* **TO DO**
Give back the whole listing exactly as written, pictures excluded.

* **STORED DATA**
****************

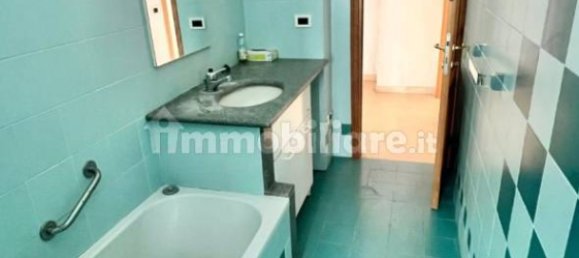 Apartamento T2 em Turin, Italy N.º 379882 31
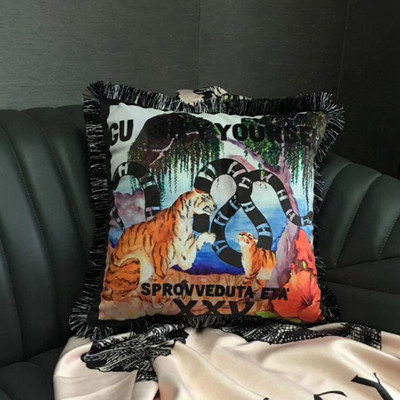 45 x 45 cm-es luxus tigris duplex nyomtatás négyzet alakú párnahuzat modell nappali kanapé dekoratív bojt párna bársony párnahuzat
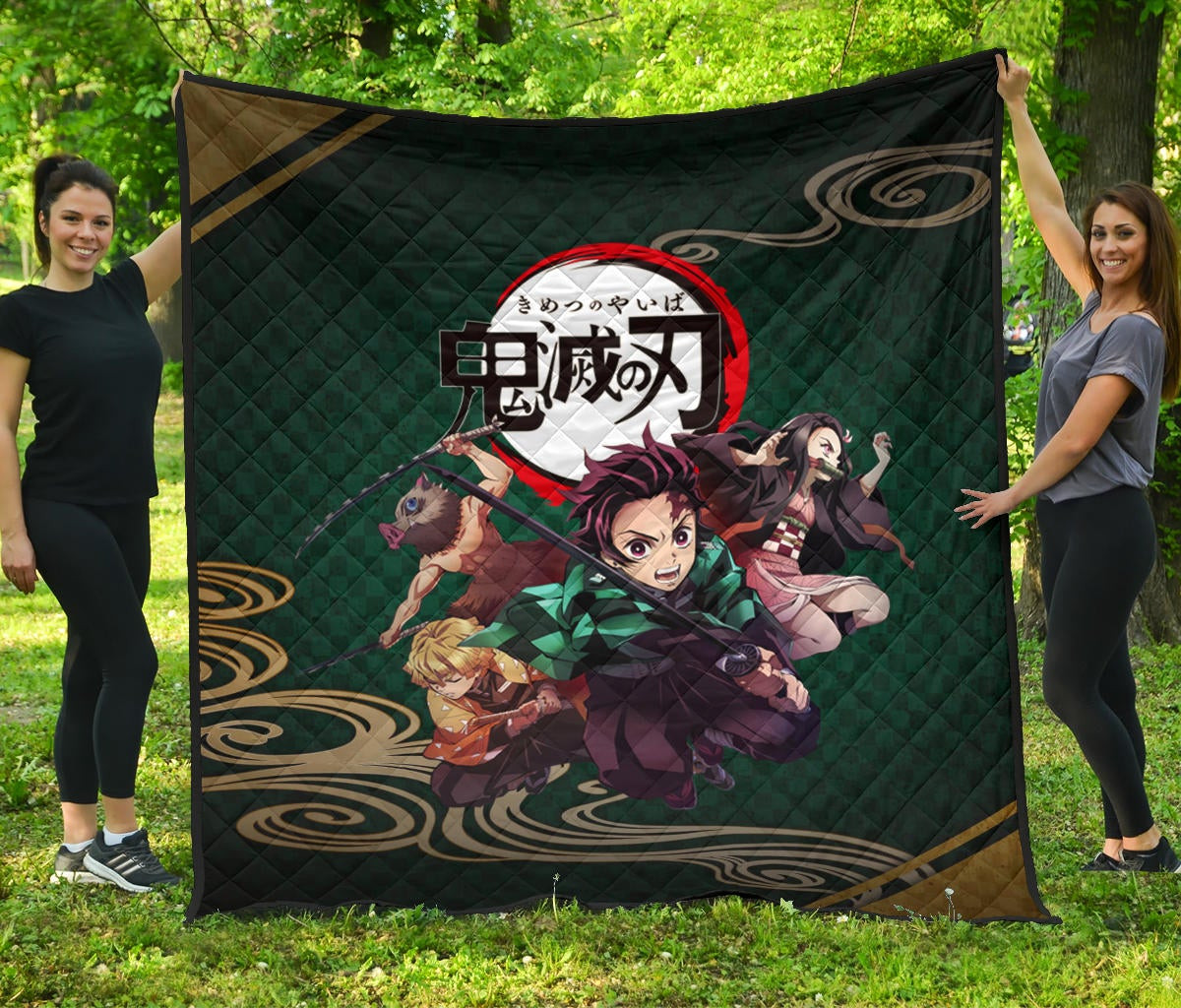 Demon Slayer Anime Main Characters Tanjiro Nezuko Zenitsu And Inosuke Fighting Premium Quilt Blanket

****************

* **ANSWER BOX**
 Apartamento T2 em Turin, Italy N.º 379882 31
 45 x 45 cm-es luxus tigris duplex nyomtatás négyzet alakú párnahuzat modell nappali kanapé dekoratív bojt párna bársony párnahuzat
 Demon Slayer Anime Main Characters Tanjiro Nezuko Zenitsu And Inosuke Fighting Premium Quilt Blanket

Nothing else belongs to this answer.